§ **EXERCISE REQUIREMENTS**
Transcribe the records below word for word, leaving every picture out.

*** GIVEN RECORDS Section Begins ***

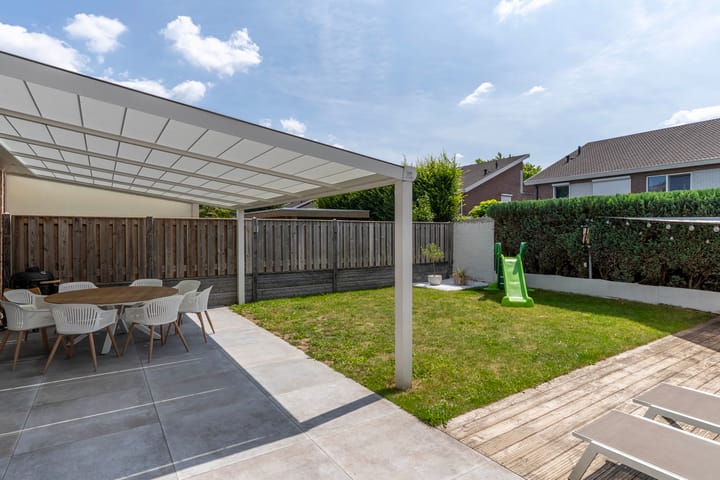 Foto 9 van Rosa Manusstraat 44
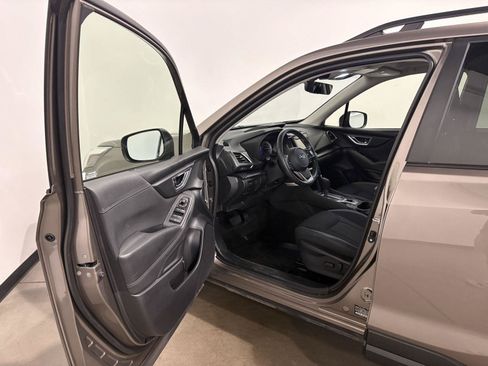 Used 2024 Subaru Forester Premium AWD/4WD image 9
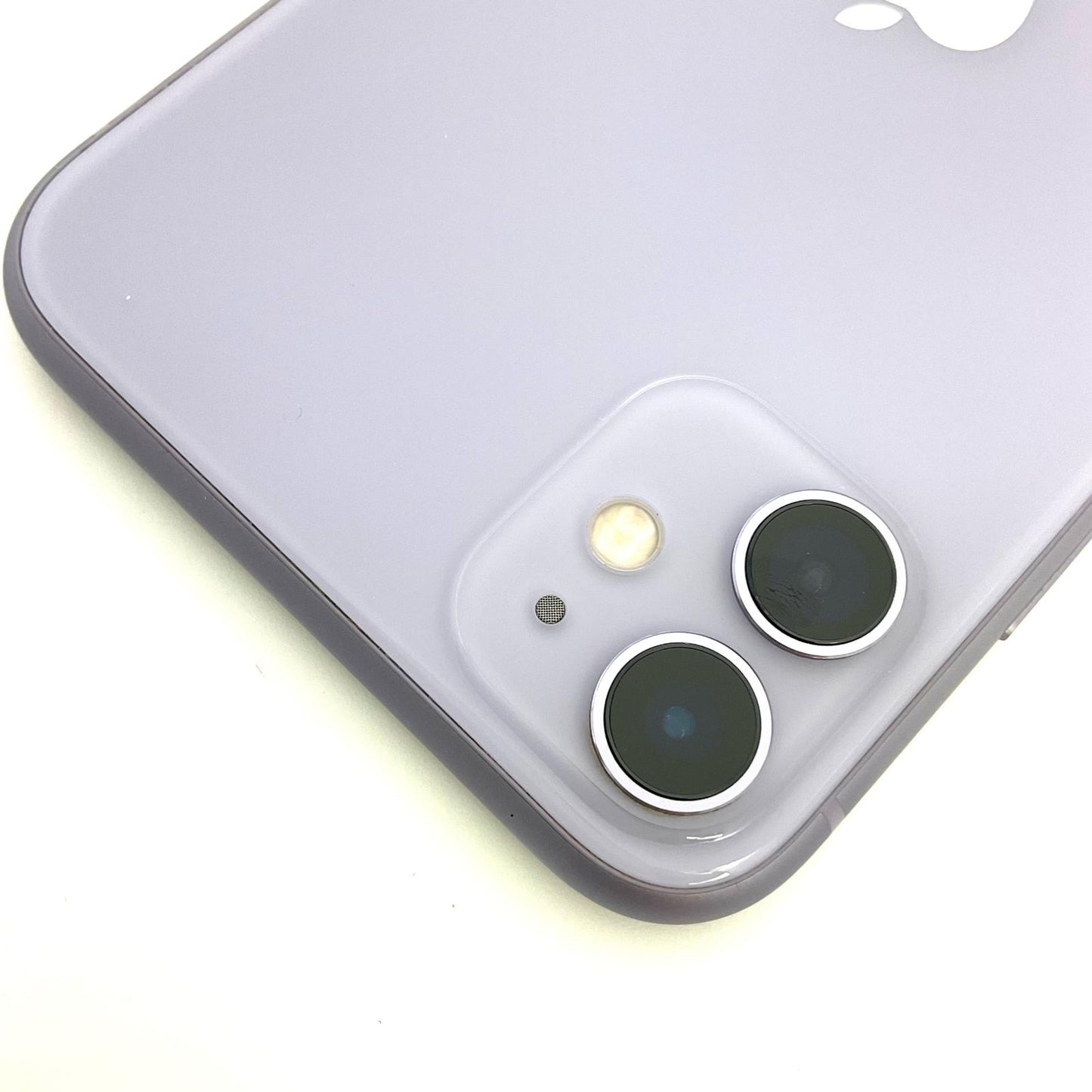 【全額返金保証】【最速発送】Apple iPhone iPhone 11 64GB パープル docomo 白ロム 動作確認済 76%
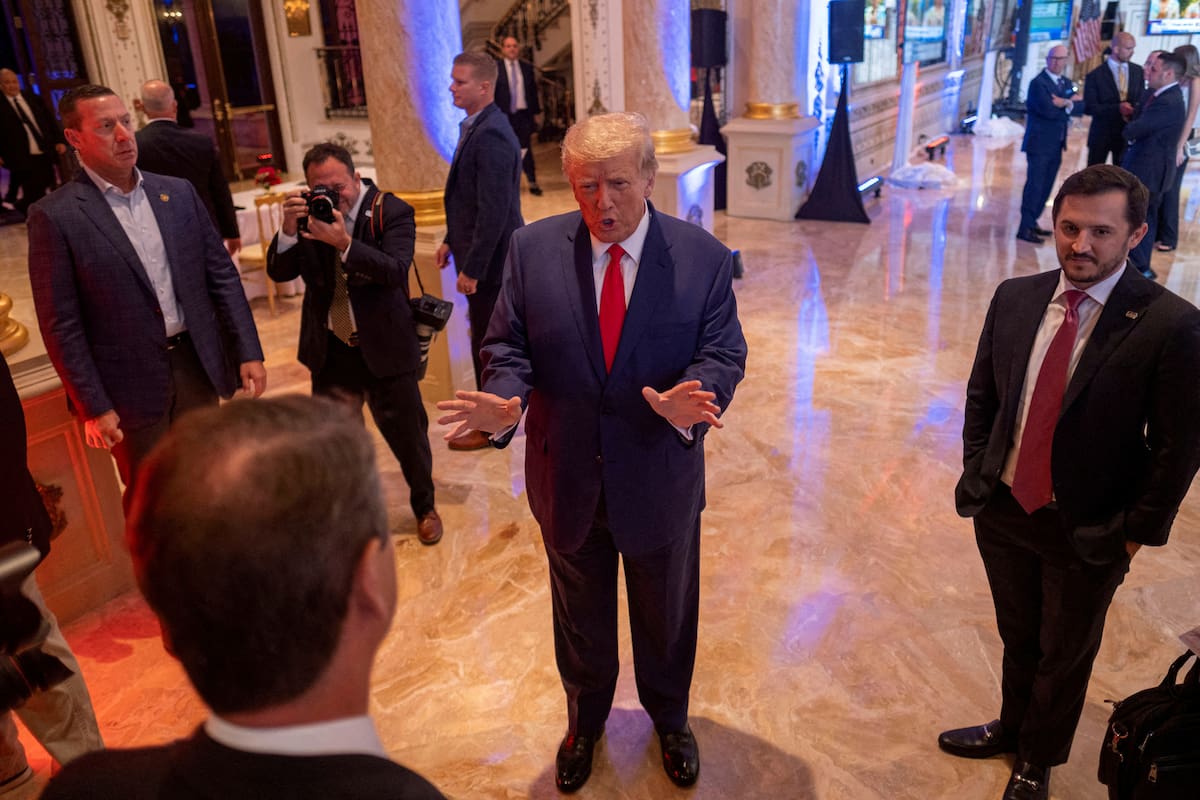 Foto de archivo del expresidente de EEUU Donald Trump hablando con periodistas en su resort de Mar-a-Lago en Palm Beach, Florida Nov 8, 2022. REUTERS/Ricardo Arduengo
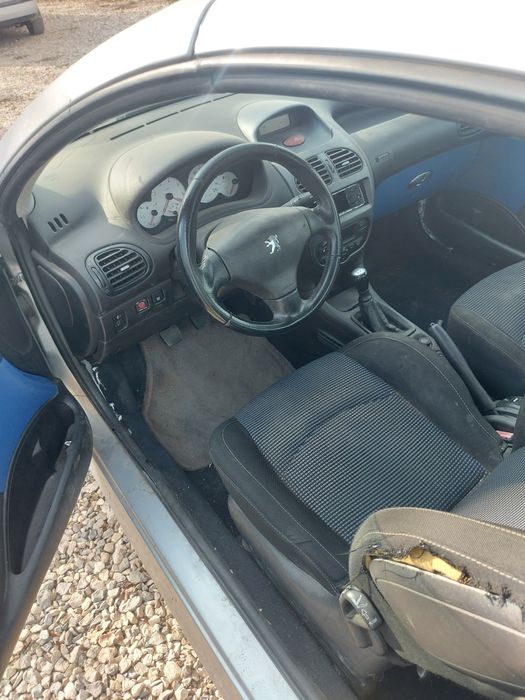 Пежа 206цц 1.6 i на части !!!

*** GIVEN RECORDS Section Ends ***

§ **COMPLETED TASK**
 Foto 9 van Rosa Manusstraat 44
 Used 2024 Subaru Forester Premium AWD/4WD image 9
 【全額返金保証】【最速発送】Apple iPhone iPhone 11 64GB パープル docomo 白ロム 動作確認済 76%
 Foto de archivo del expresidente de EEUU Donald Trump hablando con periodistas en su resort de Mar-a-Lago en Palm Beach, Florida Nov 8, 2022. REUTERS/Ricardo Arduengo
 Пежа 206цц 1.6 i на части !!!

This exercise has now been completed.